Annual fees: There are annual fees associated with some business credit cards, while other cards don’t charge you every year to use them. Cards with an annual fee often have additional benefits, so you will need to decide whether those benefits are worth the additional fees.
Financial characteristics: Many business credit card issuers include account management tools. Among the features may be the ability to upload your card information into your accounting program. These features can make it easier to manage your finances.
While it might not be possible to get everything you want out of a business credit card, by researching your options carefully, you can apply for the card and card issuer that caters to the majority of your needs. needs.
What are the necessary criteria for submitting a business credit card application?
Once you’ve figured out your personal and business credit score, decided what type of card you want and which credit card issuer you want to use, it’s time to submit your application. However, to make this process easier, you want to gather all of your information in advance.
Each business credit card issuing company has its own criteria and material demands. Typical information they will want to know is:
- Company name: legal name of the company and DBA if there is one
- Professional address: physical and postal (if different)
- Business phone number
- Tax Identification Number
- Type of business: corporation, partnership, LLC, sole proprietorship
- Industry: retail, technology, manufacturing, construction, etc.
- Age: how long has the company been in existence
- Revenue: current revenue and revenue projections or expectations
- Expenses: monthly and / or annual
- Personal Credit Score: Usually looks for points of 670 or higher
- Personal guarantee: from the business manager and / or his associates to cover the debt
- Social security number, date of birth and personal income: from the person applying for the business credit card
Once you have gathered your information, you can apply for a credit card. Most card issuers have a secure online portal for the application. For some banks, you can also apply in person. It can take anywhere from a few minutes to two weeks to find out if you’ve been approved. Then, if approved, it may take up to two weeks for your card to be received.

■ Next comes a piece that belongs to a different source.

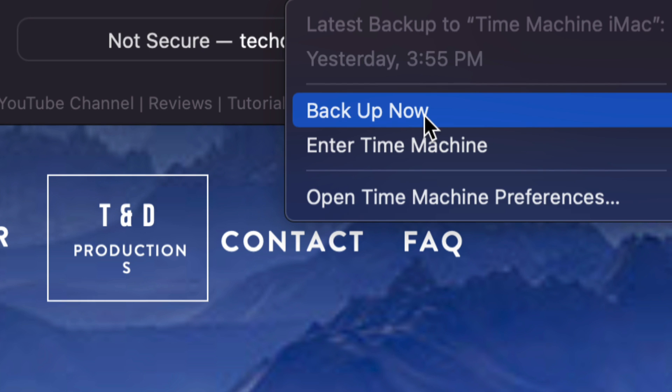always good to back up your Mac before you run any updates, just in case something goes wrong. Most likely everything's going to go fine, no problems, nothing's going to happen. However, if anything does happen, if you run Time Machine and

Why do you need a business credit card?
Business credit cards make it easier to separate your business and personal expenses. They usually come with financial tools that are compatible with your accounting software, saving you time when manually processing this information.
You will have a single monthly payment to the credit card issuer instead of multiple payments to staff members. You may be able to take advantage of incentives such as cash back, points or miles.
How do I get a business credit card approved?
If your business has one, business credit card issuers can review both your personal credit score and your business credit score. As a general rule, your personal credit score should be at least 670. Card issuers will look at other factors such as the age of your business, current and projected income and business expenses, as well as your personal income. .
Which business credit card is right for you?
Like personal credit cards, there are several types of business credit cards. You can choose from cash back, points, miles, 0% introductory APR, and more. Your choice depends on your business needs and how you use the card. For example, if you travel a lot for business, you might want a card that offers miles.
Which bank should you use for a business credit card?
Each credit card issuer has different requirements and offers for their business credit cards. You will want to research what is available from several different banks. This could include large banks that serve the whole country or local regional banks in your area.
You may want to start your research with the bank that holds your business checking account.